Ray cluster doesn't work, even connected well

I’m trying to cluster two local machines.

<Setup: Success>
head: 192.168.0.21
node: 192.168.0.22

On head machine (@Python)
ray.init(address=‘auto’)

On node machine(@ terminal)
ray start --address=‘192.168.0.21:6379’

Again, on head machine (@Python)

“ray.nodes()” prints

[
{‘NodeID’: ‘f22c89a7bfb82521a5cd58104da454063f9d731ec507f3af6f7410e4’, ‘Alive’: True, ‘NodeManagerAddress’: ‘192.168.0.22’, ‘NodeManagerHostname’: ‘cp22’, ‘NodeManagerPort’: 35225, ‘ObjectManagerPort’: 44411, ‘ObjectStoreSocketName’: ‘/tmp/ray/session_2022-05-28_00-29-38_080158_24534/sockets/plasma_store’, ‘RayletSocketName’: ‘/tmp/ray/session_2022-05-28_00-29-38_080158_24534/sockets/raylet’, ‘MetricsExportPort’: 61799, ‘alive’: True, ‘Resources’: {‘CPU’: 4.0, ‘object_store_memory’: 858294681.0, ‘node:192.168.0.22’: 1.0, ‘memory’: 2002687591.0}},
{‘NodeID’: ‘a3807ff7292d67422155743a6bc78046cc80b5fe0bc0999d370e7308’, ‘Alive’: True, ‘NodeManagerAddress’: ‘192.168.0.21’, ‘NodeManagerHostname’: ‘cp21’, ‘NodeManagerPort’: 43211, ‘ObjectManagerPort’: 39253, ‘ObjectStoreSocketName’: ‘/tmp/ray/session_2022-05-28_00-29-38_080158_24534/sockets/plasma_store’, ‘RayletSocketName’: ‘/tmp/ray/session_2022-05-28_00-29-38_080158_24534/sockets/raylet’, ‘MetricsExportPort’: 44215, ‘alive’: True, ‘Resources’: {‘object_store_memory’: 940081152.0, ‘node:192.168.0.21’: 1.0, ‘CPU’: 4.0, ‘memory’: 1880162304.0}}
]

I can check two nodes are available and also
“ray.cluster_resources()” prints

{‘object_store_memory’: 1798375833.0, ‘CPU’: 8.0, ‘memory’: 3882849895.0, ‘node:192.168.0.22’: 1.0, ‘node:192.168.0.21’: 1.0}

so It seems that setup is well done.

But, when I run the codes for checking cluster runs well which is on documentation of ray.

import time

@ray.remote
def f():
time.sleep(0.01)
return ray._private.services.get_node_ip_address()

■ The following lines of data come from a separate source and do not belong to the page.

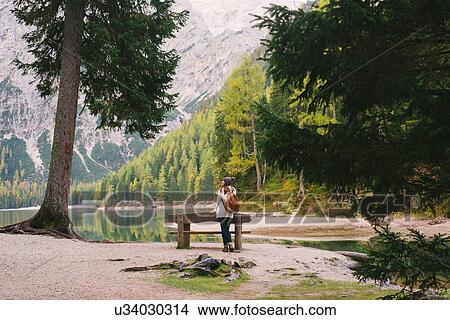Picture - Woman leaning against park bench, Lago di Braies, Dolomite Alps, Val di Braies, South Tyrol, Italy. Fotosearch
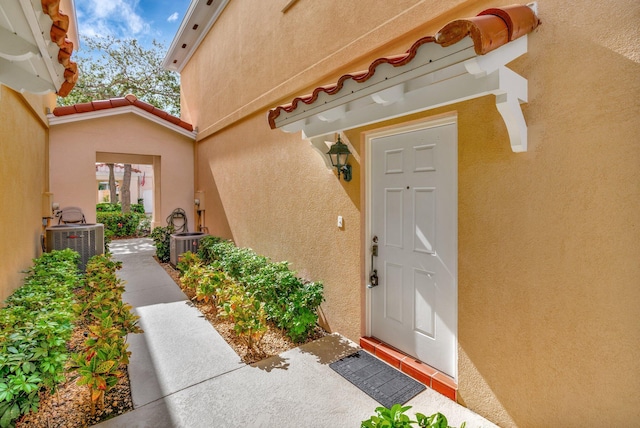 property entrance featuring central AC unit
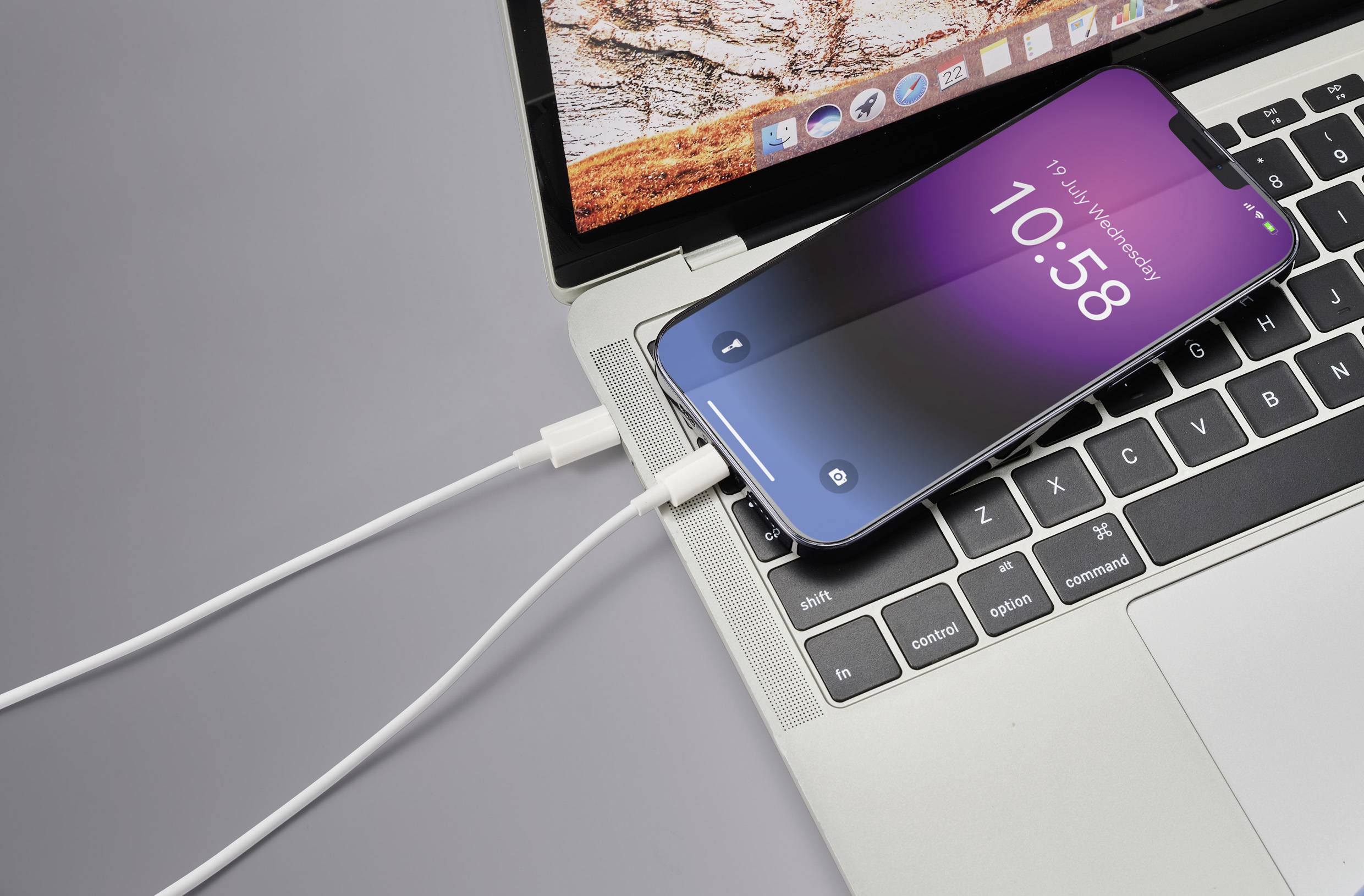 Smartphone mit violettem Bildschirm wird über ein Kabel an einen Laptop angeschlossen. Bildschirm zeigt '10:58' an.
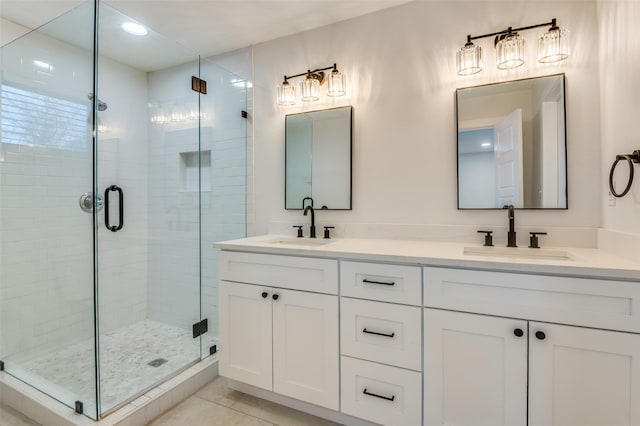 bathroom with a sink, a shower stall, and double vanity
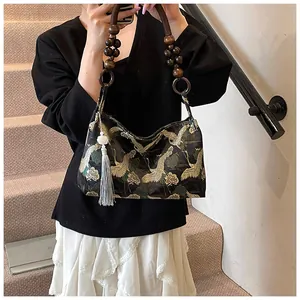 Detail of square shoulder bag with golden crane embroidery and wooden bead handle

set(ray.get([f.remote() for _ in range(1000)]))

prints “{‘192.168.0.21’}”

I got the results that only head(192.168.0.21) run, except node(192.168.0.22).
Is there something that I’m missing?

@Tae_Hyun_Jo Ray will reuse the worker, so for your case, all f.remote() is running in the same node.

The scheduling policy is not optimized for balancing the loads, but for performance.

I saw you have 4 cpus per node. So one think you can try is to:

  1. start two actors each with 4 cpus so that it will be forced to be distributed to two nodes
  2. call the remote function in actor to get the node ip.